The End of Public Transit? - grzm
https://www.theatlantic.com/business/archive/2016/10/public-transportation-uber-chariot/505658/?single_page=true
======
rwhitman
People tend to forget that many of the most effective public transit systems
were originally built out by private companies and then acquired by
governments after the private company went bankrupt. A good chunk of the
public transit systems on the East Coast at least are the result of the
railroad boom & bust at the turn of the 20th century. Transportation at scale,
is not all that profitable in the long run. Yet people still depend on it.
That's why government is involved in the first place.
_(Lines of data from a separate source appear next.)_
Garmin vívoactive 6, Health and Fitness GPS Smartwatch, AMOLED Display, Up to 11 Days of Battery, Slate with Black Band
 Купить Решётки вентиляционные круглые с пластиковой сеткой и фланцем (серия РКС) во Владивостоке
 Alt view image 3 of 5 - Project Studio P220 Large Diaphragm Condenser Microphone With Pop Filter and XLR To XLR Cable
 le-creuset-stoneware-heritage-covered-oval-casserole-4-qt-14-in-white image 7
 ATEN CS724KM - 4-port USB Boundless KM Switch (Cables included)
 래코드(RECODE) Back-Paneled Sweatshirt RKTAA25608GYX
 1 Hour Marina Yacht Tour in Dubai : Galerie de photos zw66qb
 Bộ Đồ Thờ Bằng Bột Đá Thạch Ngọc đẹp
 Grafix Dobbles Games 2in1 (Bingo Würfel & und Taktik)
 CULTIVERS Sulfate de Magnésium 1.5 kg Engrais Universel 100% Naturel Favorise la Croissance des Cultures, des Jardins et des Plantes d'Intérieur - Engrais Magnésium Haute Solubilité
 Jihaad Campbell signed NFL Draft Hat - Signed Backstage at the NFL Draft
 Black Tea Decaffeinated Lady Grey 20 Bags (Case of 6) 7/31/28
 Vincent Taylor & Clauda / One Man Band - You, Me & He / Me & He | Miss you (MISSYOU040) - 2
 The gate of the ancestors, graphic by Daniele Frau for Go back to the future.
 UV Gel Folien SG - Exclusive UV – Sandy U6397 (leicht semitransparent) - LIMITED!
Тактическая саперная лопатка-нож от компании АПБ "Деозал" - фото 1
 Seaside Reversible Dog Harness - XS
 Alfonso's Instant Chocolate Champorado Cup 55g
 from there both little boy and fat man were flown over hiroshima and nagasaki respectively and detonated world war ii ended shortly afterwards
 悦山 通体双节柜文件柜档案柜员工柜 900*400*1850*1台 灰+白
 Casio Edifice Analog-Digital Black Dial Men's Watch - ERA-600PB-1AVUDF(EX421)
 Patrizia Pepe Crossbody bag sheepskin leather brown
It's probably not a bad pattern - let private companies innovate and rapidly
build up the new networks and then have public administrators step in when the
private sector fails to turn a profit.

Reading a related article, about "super commuters" who use the Megabus to
commute to NYC from Philadelphia ( [http://www.villagevoice.com/news/meet-
phillys-super-commuter...](http://www.villagevoice.com/news/meet-phillys-
super-commuters-who-take-the-bus-to-nyc-every-single-day-9277453) ) - it's
another example of a private company filling in a gap in public transit
infrastructure, albeit less high-tech. Might lead to improvements of the
Amtrak Northeast Corridor at some point, or dedicated BRT lanes on I-95, who
knows. Either way it's a private business demonstrating increased demand, and
the public sector will eventually catch up.

------
tbihl
Uber works in the US because we're trying to solve a problem that is often
separate from the ones transit solves. Transit needs density and fixes much of
the congestion that comes from density. In most of the US the density just
isn't there. Or there's a dense core, but people don't live in dense places,
so the transit would have to connect the dense core to the vast, diffuse web
around it.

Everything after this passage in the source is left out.